The Most Common Case

The most common case will be the renaming of either (but not both):

Changing the Target’s Type

If we have a level 1 heading (* Title) and a link to that heading ({* Title}) and the type gets updated to *** Title then the link will follow: {*** Title}.

This can be done because the title remains the same. This gives the type system enough context to be able to solve an equation with one variable (the new type of the heading).

After solving that case, all links can be updated accordingly.

Changing the Target’s Title

If we have a level 1 heading (* Title) and a link to that heading ({* Title}) but the title gets updated to * Some other title then the link will follow: {* Some other title}.

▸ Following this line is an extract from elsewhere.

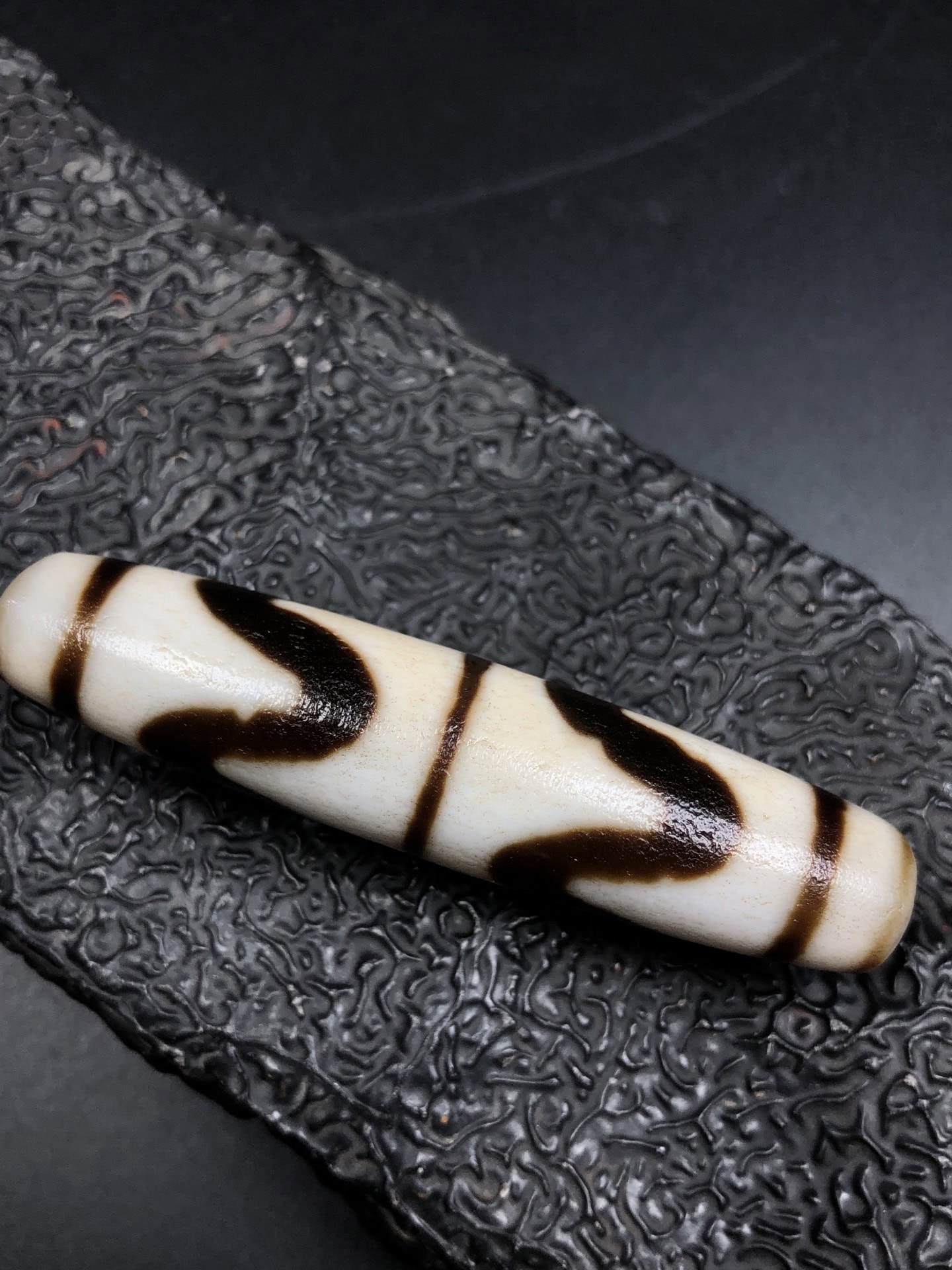 Chinese Natural Agate DZI Beads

This can be done because, yet again, only one variable has changed, and the type system can use type inference to figure out the changed value (with some added help from the editor running Norg).

Changing the Target’s Title and Type

In the case where both the type and the title are updated, the type system is not able to infer the new target of the link. Changing both the type and title of a target is equivalent to completely deleting the old target and creating a new, unrelated target from scratch.

As we know, when a link is pointing to a target that doesn’t exist, it will issue an error. This is by design. Users will receive a useful error message when a change they made to their notes negatively impacts links that point to that specific note.

Going Forward

Hope this post sparked at least a bit of curiosity and excitement in you (and not just pure confusion)!

The irony of everything is that, despite this blog post being long as hell, we’ve only scratched the surface. In Norg, links can bind to files, but they can also have scopes ({* Heading : ** Heading 2} searches for a level-2 heading within a level-1 heading with a given name).

The amazing thing is is that, if we extend our type system accordingly, all of the rules that I have laid out will still stand and will pave way to even more complex but consistent behaviour in our link integrity system.

This means that even in the most complex cases the type checker will always be smart and will have some incredible type inference and, no matter how we refactor our files, all of our links will remain intact. I hope this conceptual introduction caught your attention! Link integrity will be a real system that I hope to implement in Neorg one day, here I am laying out the theoretical foundations for it. See you on the flipside!

Footnotes

  1. To all pedantic mathematicians out there, what this actually means is “if there’s a set ρ\rho whose elements belong to the set of all possible characters”. No need to complicate things as much though.